— Exercise —
Extract the stretch of lines that starts at the line with "Polisi Temukan Ladang" and ends at the last line of the data below. Give it exactly, without pictures.

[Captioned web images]
"""

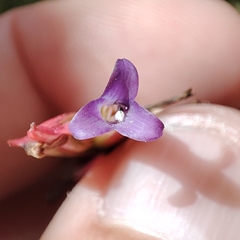 Tillandsia tovarensis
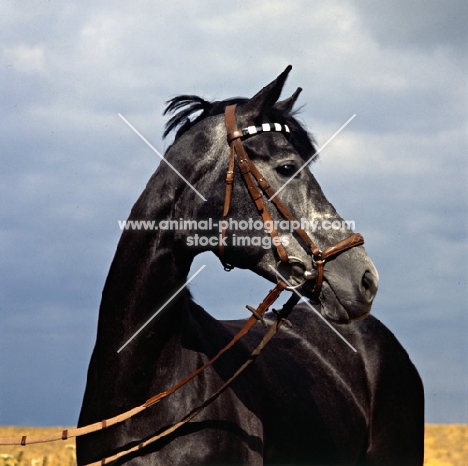 herzröschen, trakehner mare head study against grey sky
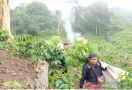 Polisi Temukan Ladang Ganja di Perbukitan Hutan Lindung - JPNN.com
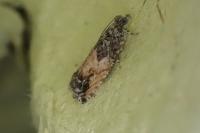 Epinotia nisella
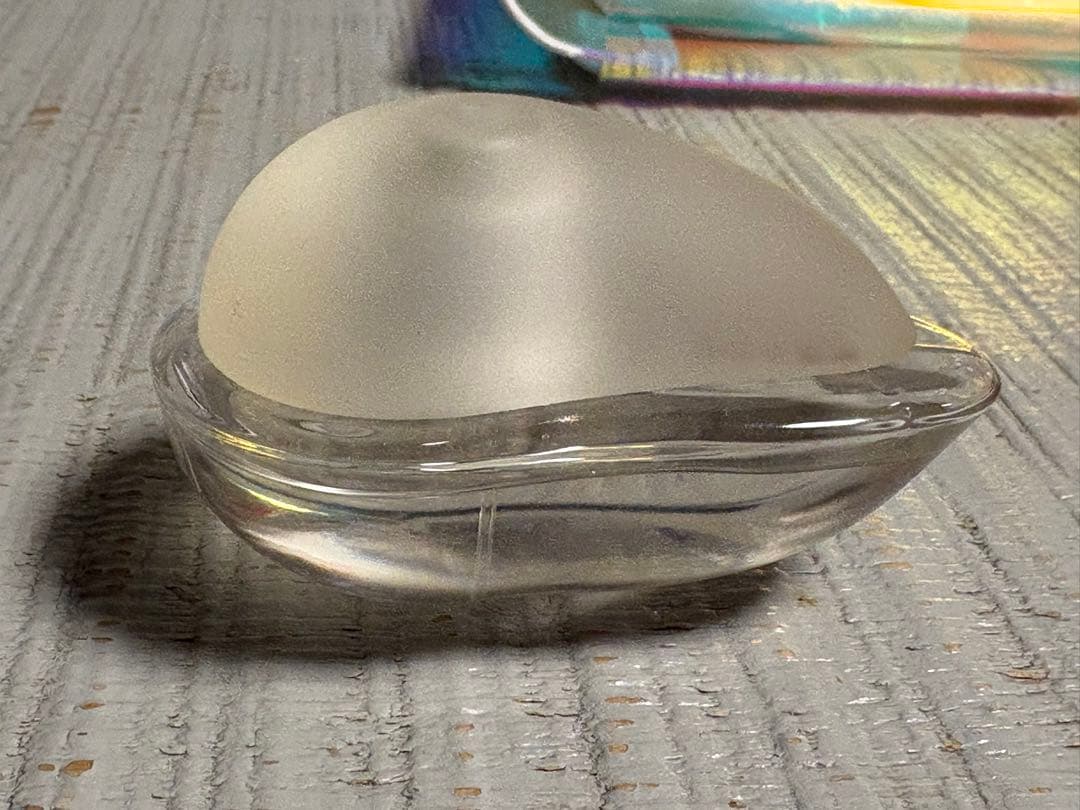 Tan Giudicelli [Annam] タン・ジュディチェリの「アンナム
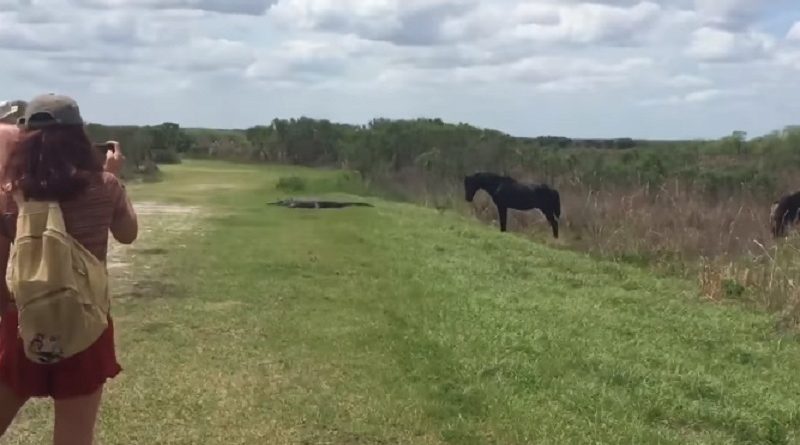 Baby Horse Attacked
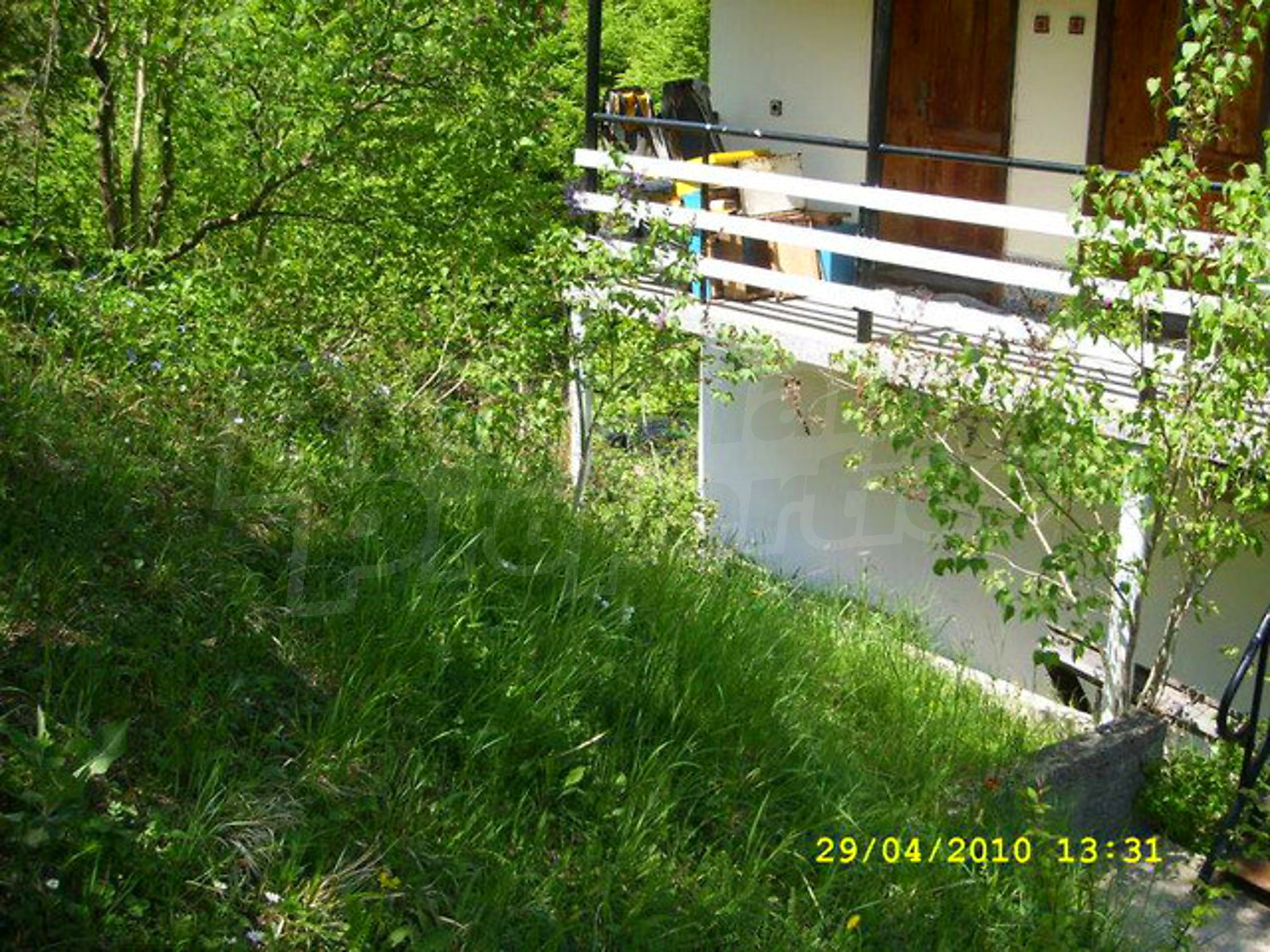 Gallery Picture 22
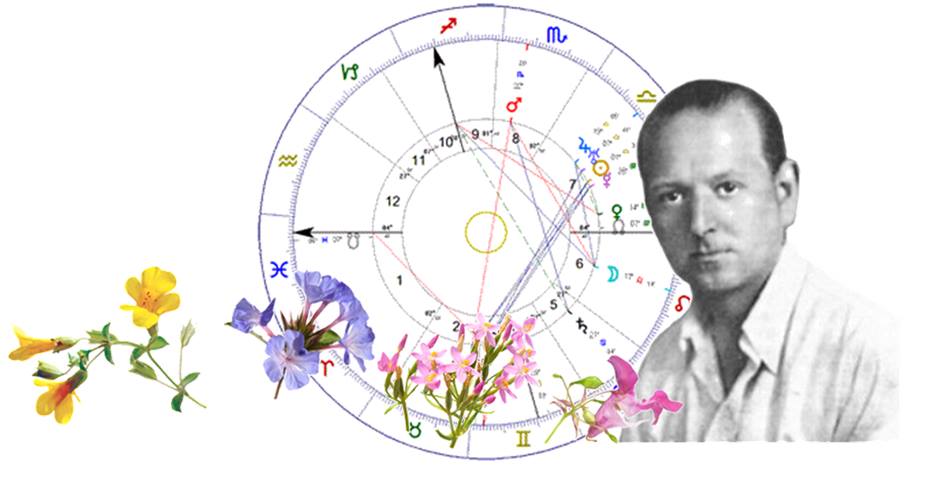 curos_carta_natal_y_flores_de_bach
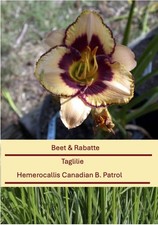 Hemerocallis Canadian B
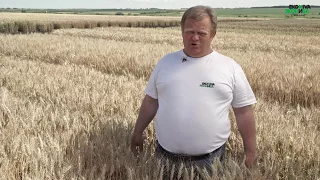 Озимая пшеница, сорт МВ 37-14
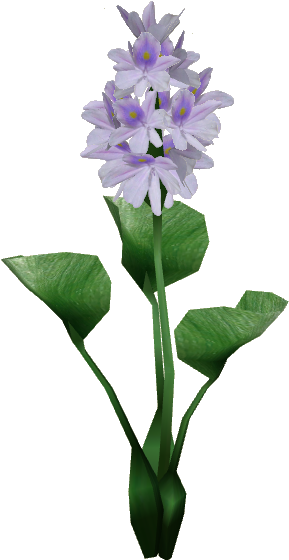 Water Hyacinth - Water Hyacinth Flower Png (559x559), Png Download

"""

— Task result —
 Polisi Temukan Ladang Ganja di Perbukitan Hutan Lindung - JPNN.com
 Epinotia nisella
 Tan Giudicelli [Annam] タン・ジュディチェリの「アンナム
 Baby Horse Attacked
 Gallery Picture 22
 curos_carta_natal_y_flores_de_bach
 Hemerocallis Canadian B
 Озимая пшеница, сорт МВ 37-14
 Water Hyacinth - Water Hyacinth Flower Png (559x559), Png Download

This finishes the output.